INFORMATION SHOWN →
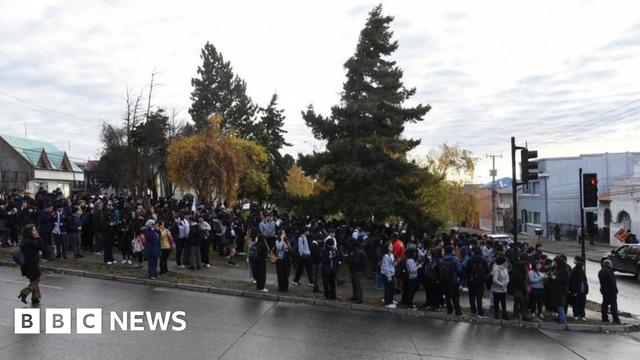 A large group of people stood around tress outside in Punta Arenas.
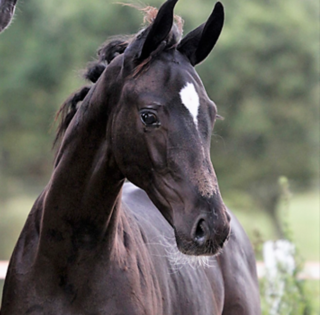 Bille Dressage Bille Dressage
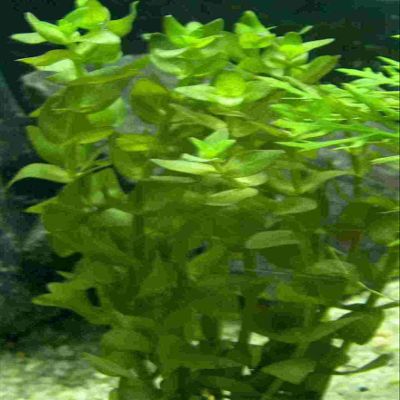 Mhlan – 7 Bunches of Fettblatt for Ponds and Aquariums, Decorative Underwater Forest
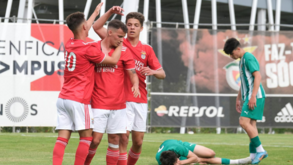Águia sobe ao trono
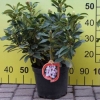 Graffito - różanecznik wielkokwiatowy - Graffito - Rhododendron hybridum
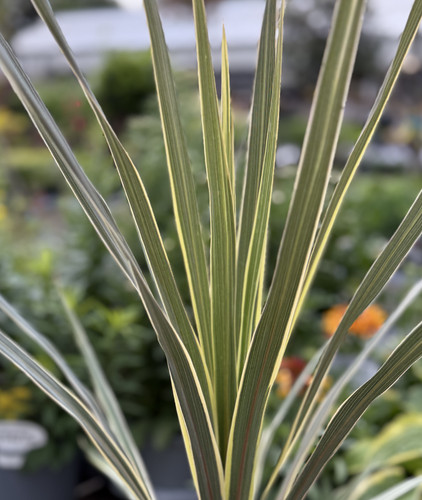 Cordyline australis torbay - cordyline, 'torbay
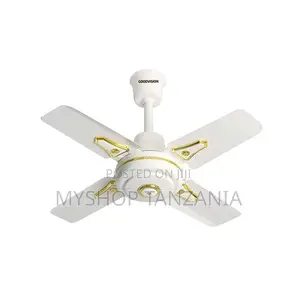 Goodvision G6 24-Inch Indoor Ceiling Fan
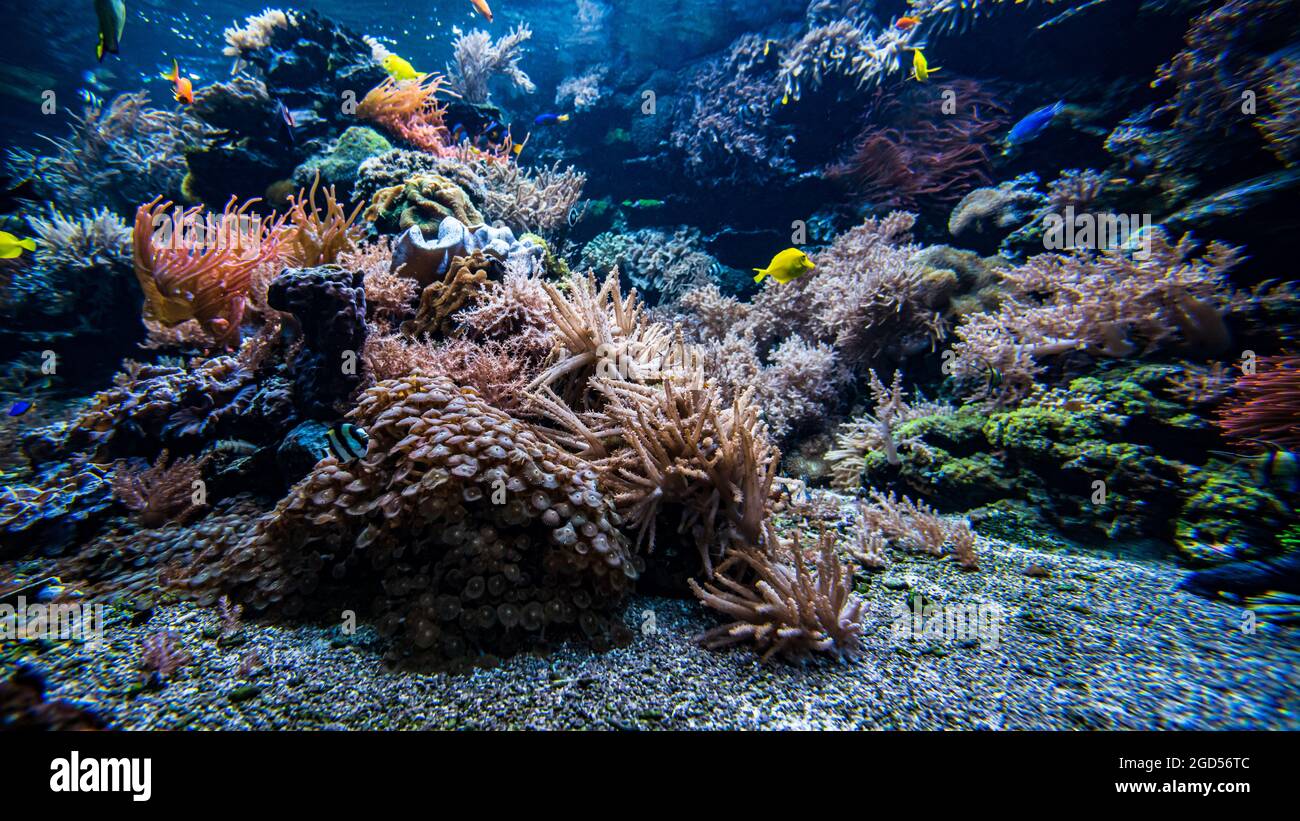 Coral colony and coral fish. Underwater view Stock Photo - Alamy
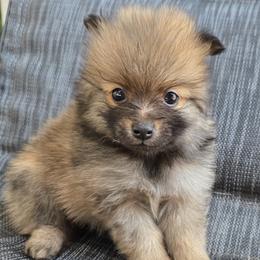 Loki - Orange sable male Pomeranian puppy in Hooksett, New Hampshire from Granite State Pomeranians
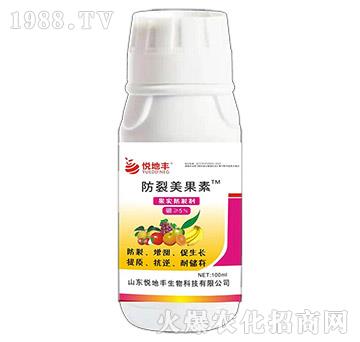 ����������-�������ф�-�����S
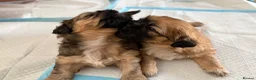 Shih Tzu dogs for sale: Ready now - Beautiful Shih Tzu puppies - Advert 1
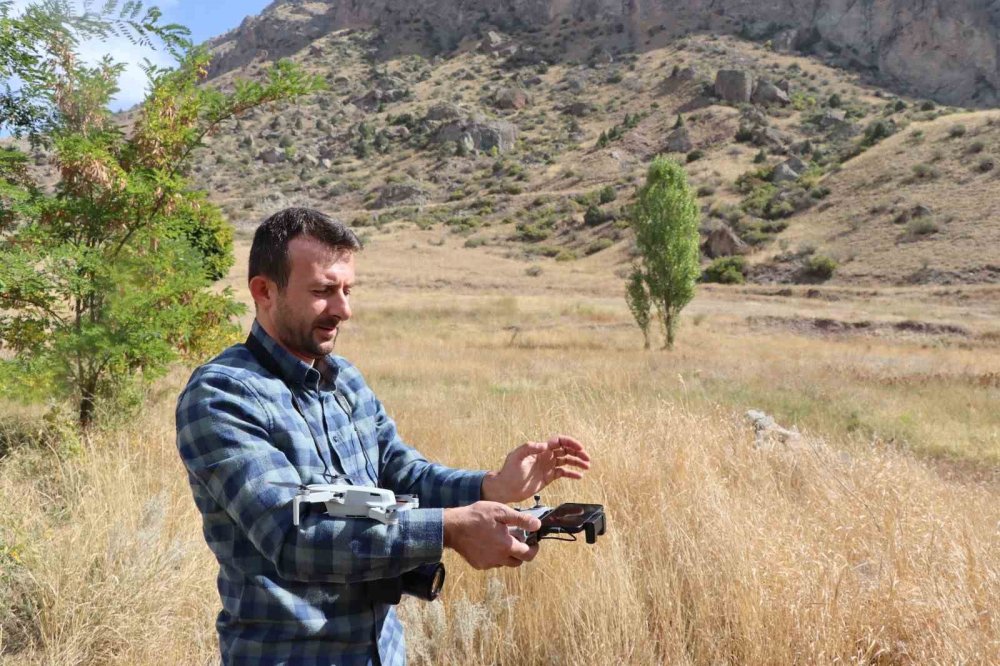 Boz ayı drona yakalandı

EXERCISE →
Would you give the entries above again verbatim, omitting the images they contain?

COMPLETED TASK →
 A large group of people stood around tress outside in Punta Arenas.
 Bille Dressage Bille Dressage
 Mhlan – 7 Bunches of Fettblatt for Ponds and Aquariums, Decorative Underwater Forest
Águia sobe ao trono
 Graffito - różanecznik wielkokwiatowy - Graffito - Rhododendron hybridum
 Cordyline australis torbay - cordyline, 'torbay
 Goodvision G6 24-Inch Indoor Ceiling Fan
 Coral colony and coral fish. Underwater view Stock Photo - Alamy
 Loki - Orange sable male Pomeranian puppy in Hooksett, New Hampshire from Granite State Pomeranians
 ����������-�������ф�-�����S
 Shih Tzu dogs for sale: Ready now - Beautiful Shih Tzu puppies - Advert 1
 Boz ayı drona yakalandı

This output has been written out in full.